Copy out lines with the word "View" from the material that follows.

• Data below
-----

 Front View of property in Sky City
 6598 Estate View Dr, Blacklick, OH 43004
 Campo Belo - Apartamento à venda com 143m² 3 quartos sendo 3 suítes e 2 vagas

-----

• Expected answer
 Front View of property in Sky City
 6598 Estate View Dr, Blacklick, OH 43004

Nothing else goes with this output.